Last Sunday we had our first go at a twin-site morning service. Our church room is in an annexe to our, fairly small, parish church, and for years the seating capacity in church of 80 or so has been a glass ceiling. The church has bumped along against it, but it physically limits the number of people who can be part of the worship. We get new people pretty much every week, but their experience is of finding a church which doesn't have room for them.
For a couple of Sundays a month we use two venues: a traditional service in the church, and something more informal and child-friendly in the community centre 1/2 mile up the hill at the heart of the Abbey Manor estate. There's still a pretty good sense of church unity, but if we extended this to 3 or 4 Sundays a month, as well as stretching our resources past their limits, we might end up by accident with 2 separate churches.
It was a funeral which started the whole thing off. Last year Bob, our Treasurer and a great bloke, died very suddenly and we had around 250 people packed into St. James for his funeral. Roughly half ended up in the church room, watching a video relay of the service.

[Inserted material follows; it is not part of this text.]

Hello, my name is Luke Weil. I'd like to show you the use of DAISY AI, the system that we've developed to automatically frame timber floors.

We realised that this was something we could do on Sundays too, so last Sunday we relayed the reading, a drama skit, and the sermon into the room, and had a worship leader and musicians in both venues. We kept the same running order, had childrens groups in a building next door which we hired (and turned out to be very suitable), and joined together for coffee afterwards.
Normally we get 80-85 for that service. 120 turned up, boosted by a sudden and unexpected visit from the local Christian boarding school, (20-odd 6th formers). So instead of filling 1 venue to nearly maximum, we filled both! Everything seemed to work, and we've installed a permanent cable from the church into the room which just needs plugging into a projector and speaker to relay things from the church.

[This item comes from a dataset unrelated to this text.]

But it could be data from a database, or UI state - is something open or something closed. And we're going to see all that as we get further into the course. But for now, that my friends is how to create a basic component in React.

It seems to be a good solution for lots of reasons:
- it keeps the church in one place, which is an important statement
- it minimises duplication: only 1 sermon and order of service need preparing, and only 1 set of childrens activities.
- it increases our seating capacity by 50
- nothing is lost: the 10.30 service is just as it always was, but if you want the same thing with comfy seating and a slightly more informal, intimate atmosphere (and the chance to get to the coffee first), there's an alternative.
In the long run we'll need to buy another projector, and have a team who know how to set it up so that the practical stuff doesn't keep falling on the same shoulders. But it was a good start.